In order to avoid this chilling future, we have to first imagine it. In an
unprecedented Internet event, ABC is inviting people from around the world to
bring the future to life.
We are asking you to use your imagination to create short videos about what it
would be like to live through the next century if we stay on our current path.
Using predictions from top experts, we will brief participants on global
conditions in the years 2015, 2050, 2070 and 2100 -- and we want you to
describe the dangers that are unfolding before your eyes.
Submitted videos will be combined with the projections of top scientists,
historians, and economists to form a powerful Web-based narrative about the
perils of our future. We will also select the most compelling reports to form
the backbone of our two-hour primetime ABC News broadcast: Earth 2100, airing
this fall.
--
"Nobody is interested in solutions if they don't think there's a problem.

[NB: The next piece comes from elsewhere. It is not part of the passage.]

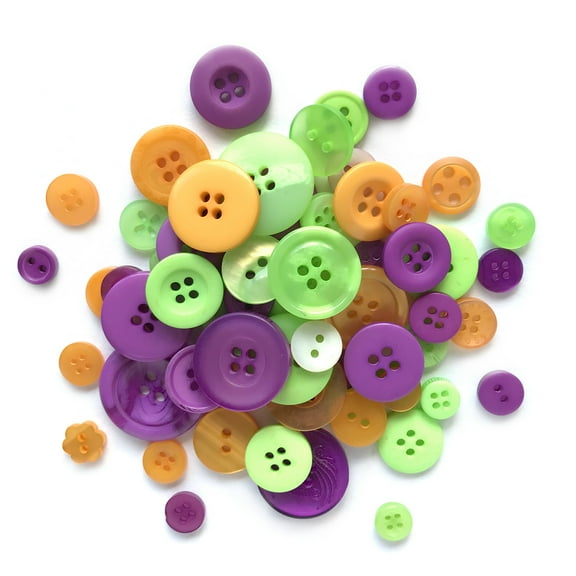 Buttons Galore Big Bag of Colorful Craft & Sewing Buttons - 150 buttons - Halloween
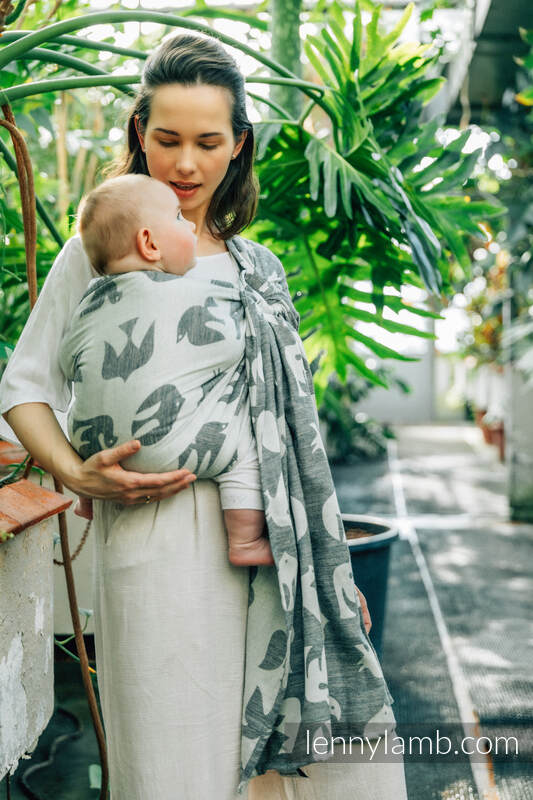 Lenny Lamb - Ring Sling BIRDY WHITE NOISE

Given that starting point, I believe it is appropriate to have an
overrepresentation of factual presentations on how dangerous it is, as a
predicate for opening up the audience to listen to what the solutions are, and
how hopeful it is that we are going to solve this crisis."
-- Al Gore acknowledges exaggerating the dangers of "global warming"
I'd say nuclear weapons are by far the biggest danger of wiping out
civilization in the next century. Imagine if both sides had them in
quantity during WWII. We probably wouldn't have made it.